帰命(きみょう)(たてまつ)る、縛鬼滅鬼(ばっきめっき)永劫封緘(えいごうふうかん)千古幽隠(せんこゆうおん)――」
 左右に窓はないが、戸口を開け放しているからか、薄暗くはあっても真っ暗ではない。目も慣れている。
 正面に置かれた祭壇は、床からそう高くない。社の壁まで届く横長の台の前に、祭事の時に神饌などが置かれる階段が三段。そして台の上は、手前に空間を残してもう一段高くなっていて、中央の枠組みの中に御扉(みとびら)、左右は板で塞がれている。階段横に背の高い燈籠やろうそく立てが並んでいるが、神前幕はなく全体的に質素だ。
 大河は祭壇まで一気に駆け寄り、階段を上った。
急急如律令(きゅうきゅうにょりつりょう)!」
 カッ! と一瞬だけ、開け放した扉から眩い黄金色の光が社の中に差し込んだ。背後から強烈な光に照らされて、思わず目を細める。
 島の地図に書き込まれていたバツ印は、神社を中心に尚が霊符を土の中に埋めた場所だ。神社から、霊符を媒体に五枚の霊符へと霊力を送り込み巨大な結界を形成する。もちろん一枚でも可能だが、ここまで巨大になると、形成するまでの速度と強度、消費する霊力に多少の差が出る。今回の場合、晴の霊力に霊符にこもった尚の霊力が上乗せされた形になる。
 つまり、尚が島へ来たのは、集落への被害を防ぐ結界を一秒でも早く、また強固に張るための下準備だった。だから志季がわざと神社近くに姿を現し、敵をぎりぎりまでおびき寄せた。計画通りなら、全員結界内だ。
 ただ難点がある。

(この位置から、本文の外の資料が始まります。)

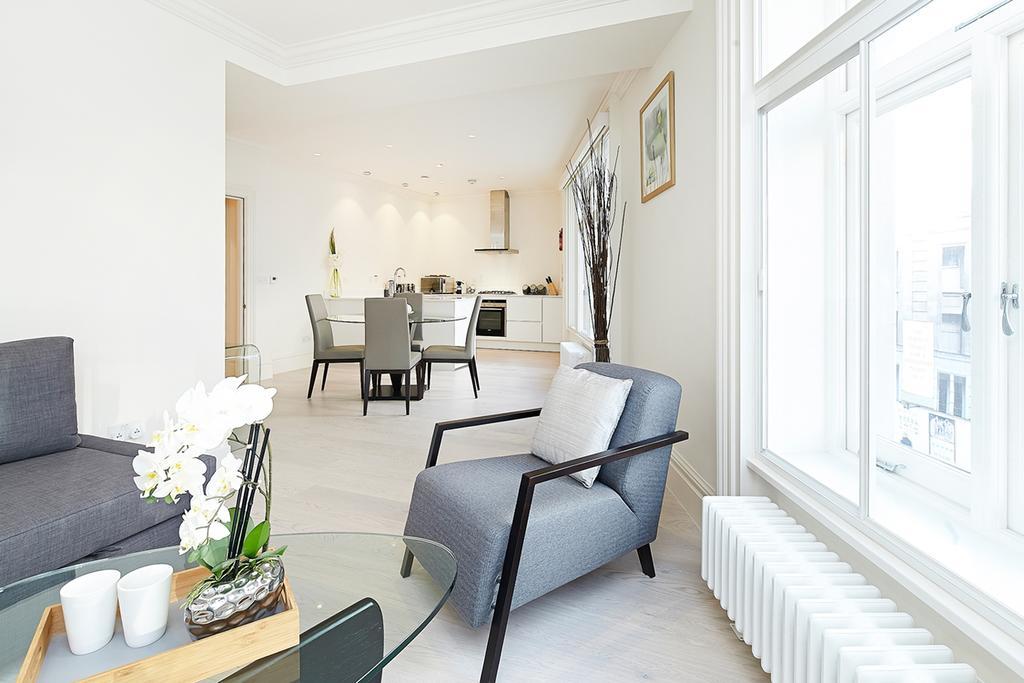 Stayo Exeter Street * London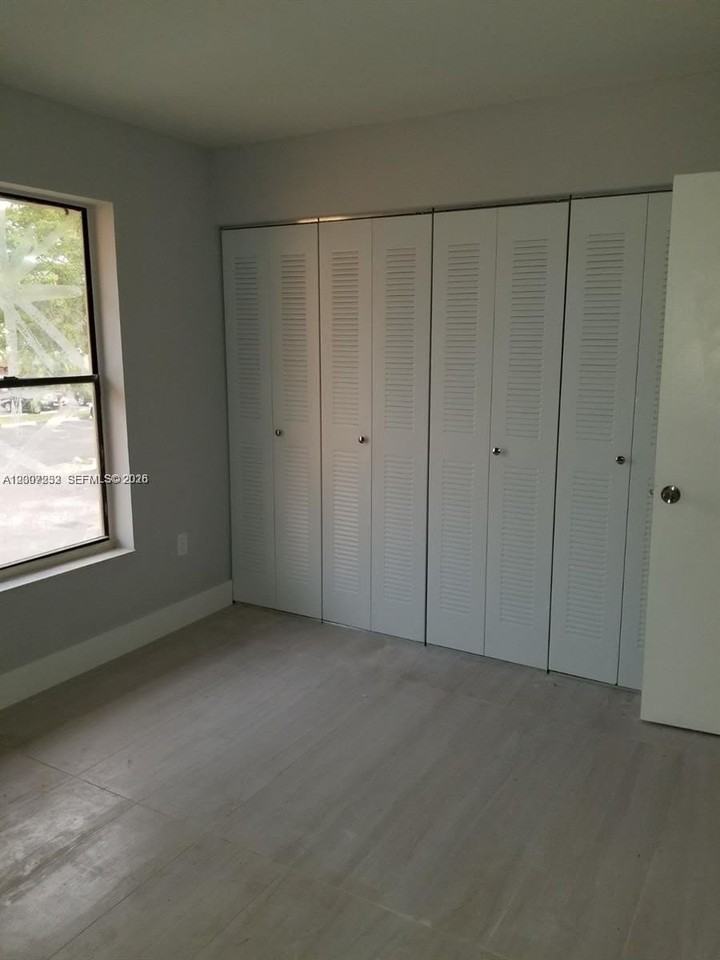 10847 Nw 7th St #16-22 - Photo 6 of 9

柴と紫苑は非常に居心地が悪く、さらに若干力が削がれるらしい。しかし隗や皓も条件は同じで、また悪鬼は動きが鈍くなる。
「オン・アキシュビヤ・ウン!」
 立て続けに結界の真言を唱える晴の声が届いた。時間を稼ぐため、神社に結界を張っているのだ。どこからかメキメキと木の折れる音がした。

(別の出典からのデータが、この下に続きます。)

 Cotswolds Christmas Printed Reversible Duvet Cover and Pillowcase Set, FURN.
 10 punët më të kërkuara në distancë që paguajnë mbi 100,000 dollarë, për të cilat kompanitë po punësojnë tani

「ノウマク・サマンダ・ボダナン・アハンハタエイ・ソワカ!」
 宗史の水天の真言が高らかに響いた。しかも上級の略式だ。おそらく悪鬼が襲ってきたのだろう、よほどの数らしい。急がなければ。
「すみません、開けさせてもらいます」
 再度、黄金色の光が戸口から差し込む。無事に結界が張られたらしい。引く波のように吐き気がおさまっていく。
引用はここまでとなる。